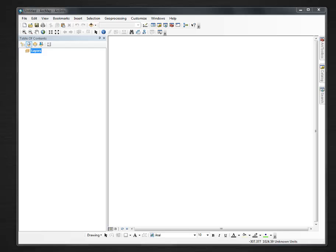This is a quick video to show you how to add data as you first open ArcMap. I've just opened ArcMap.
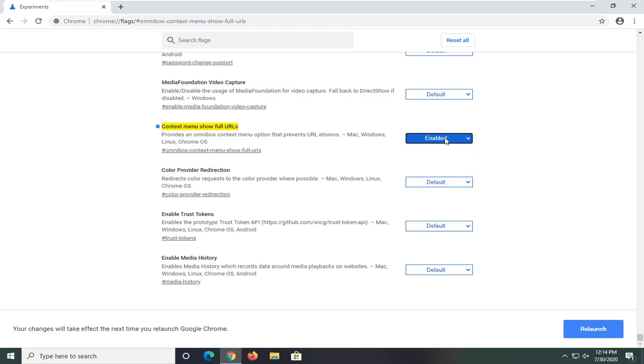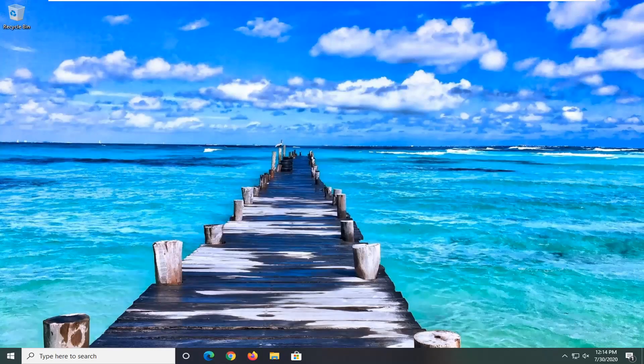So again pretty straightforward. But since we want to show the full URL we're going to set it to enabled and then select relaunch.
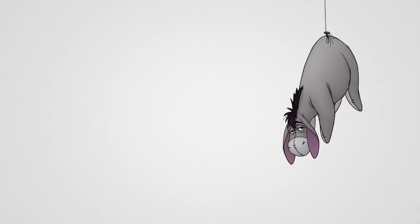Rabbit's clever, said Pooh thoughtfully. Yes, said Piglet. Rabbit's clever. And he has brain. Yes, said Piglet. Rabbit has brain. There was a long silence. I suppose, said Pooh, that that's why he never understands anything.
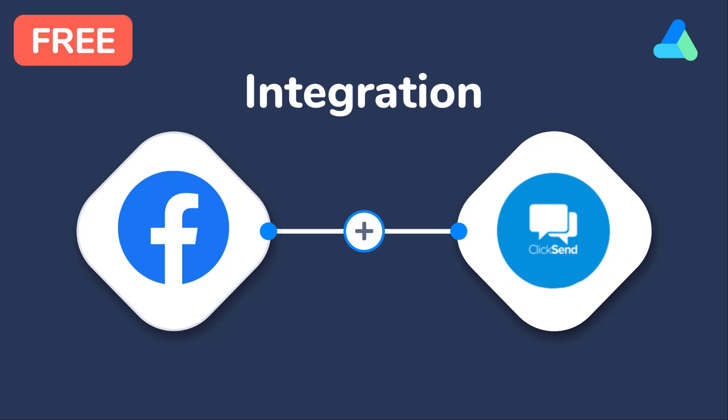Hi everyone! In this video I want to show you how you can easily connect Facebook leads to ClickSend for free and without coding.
+-------+
WHAT YOU ARE ASKED TO DO => Exclude the images, then output the data above word for word.

EXERCISE RESULT =>
This is a quick video to show you how to add data as you first open ArcMap. I've just opened ArcMap.
So again pretty straightforward. But since we want to show the full URL we're going to set it to enabled and then select relaunch.
Rabbit's clever, said Pooh thoughtfully. Yes, said Piglet. Rabbit's clever. And he has brain. Yes, said Piglet. Rabbit has brain. There was a long silence. I suppose, said Pooh, that that's why he never understands anything.
Hi everyone! In this video I want to show you how you can easily connect Facebook leads to ClickSend for free and without coding.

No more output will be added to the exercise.